Captain Obvious says you don’t have to either be an atheist or accept Jesus as the son of God to act on your initial insightful response to the abuse of women. You can simply engage with feminism, an entire movement which centres itself on the principle that women are of equal depth and worth to men. That was the principle that undergirded your outrage and its perfectly fine to stop your analysis there.

Just like with the simplistic assessment of the Holocaust this simplistic assessment of sexism doesn’t leave you with nothing to do. There’s a whole range of actions that can be taken directly on the abuse of women. Support the White Ribbon Campaign or a Reclaim the Night March. Challenge how power and authority is shared around you (and by you). Support women’s sport. Alliances around those actions might include people of religious faith and atheists but only those of both opposed to sexism.

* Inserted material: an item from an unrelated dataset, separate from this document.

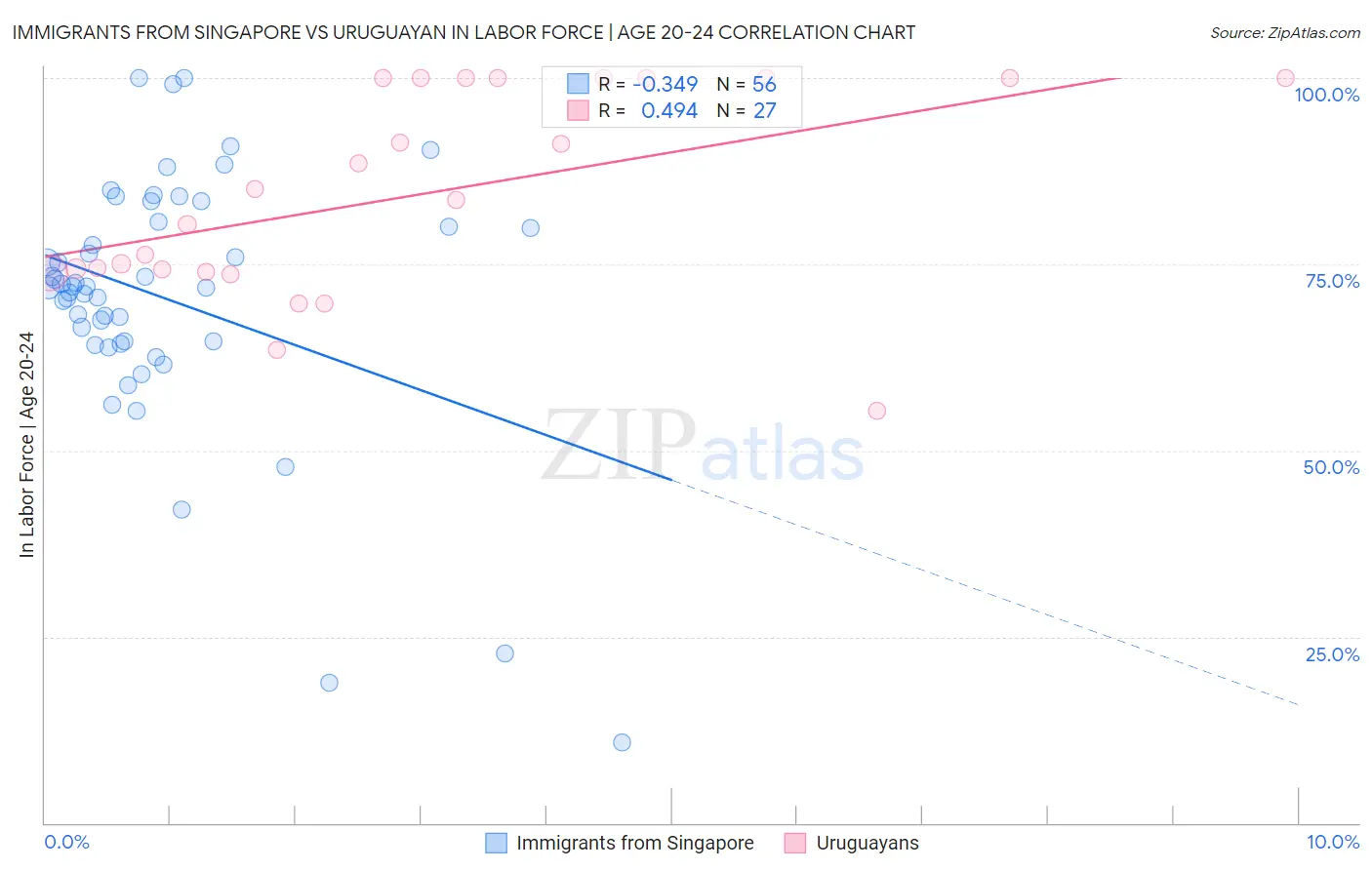 Immigrants from Singapore vs Uruguayan In Labor Force | Age 20-24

On the other hand if you allow yourself to fall for a more sophisticated analysis – that the real problem is something larger than your initial concern – then you are likely to find yourself in alliances with at least some people who simply don’t care about sexism towards women.  Then your effort for your concern may be undone by those “allies”. Such betrayals are common; the prosecution of the Iraq War revealed that when gender issues are used disingenuously by others for their agendas then those issues will be the first to be traded away.

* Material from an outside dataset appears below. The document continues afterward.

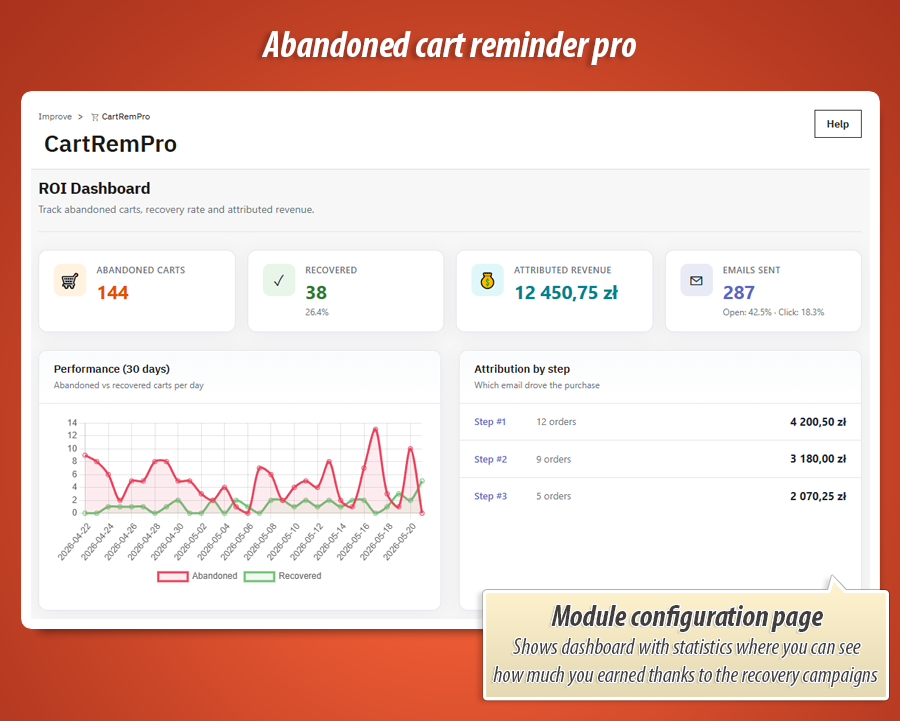 Foto 1: Abandoned Cart Reminder Pro – Drip-E-Mails, Rabattcodes & ROI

When our response to something like racism or sexism just stays with the topic of racism or sexism it can get denigrated as naive. Such denigration is often allowed to stand because there isn’t a lot to say against it. It’s hard to stand up for the apparent. This post has risked being boring in order to do so.  Sexism or genocide are not necessarily other than exactly that. Such crimes can be opposed directly.

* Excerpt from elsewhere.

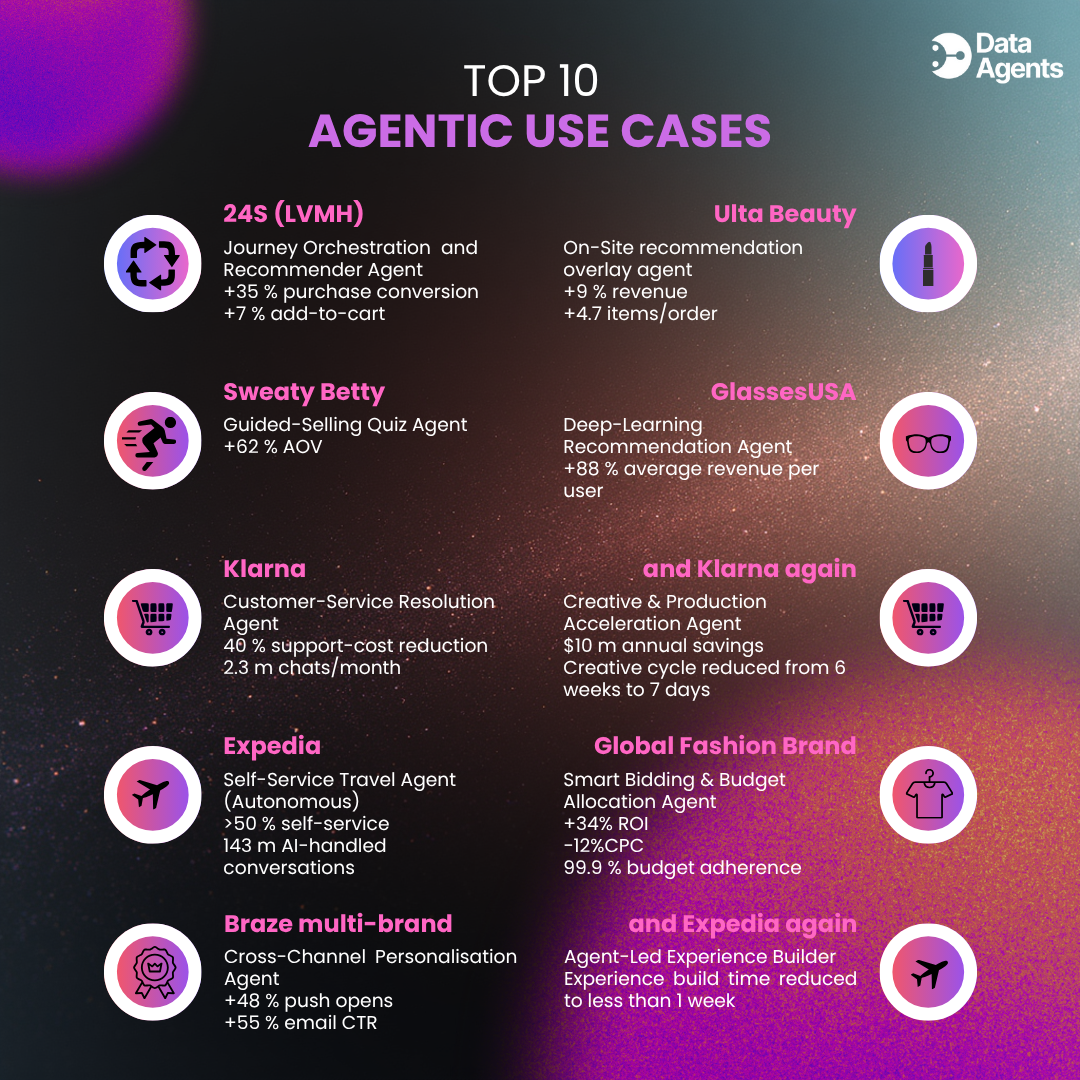 Dark Teal And Yellow Modern 8 Top Tips To Boost Your Learning Instagram Post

If our analysis is too narrow we will discover that when opposing sexism and genocide we find a common foe for all; a common principle to injustice. This wont however need to be justified by sophisticated arguments. It will be apparent from experience. In fact the more arguments needed the less likely a common foe is real; the more likely it is an attempt to co-opt you.

Captain Obvious says our common foe will probably be something very unsophisticated; like the desire to hurt other people and the excuses to permit it. Let's hope we're naive enough not to try and make more of it.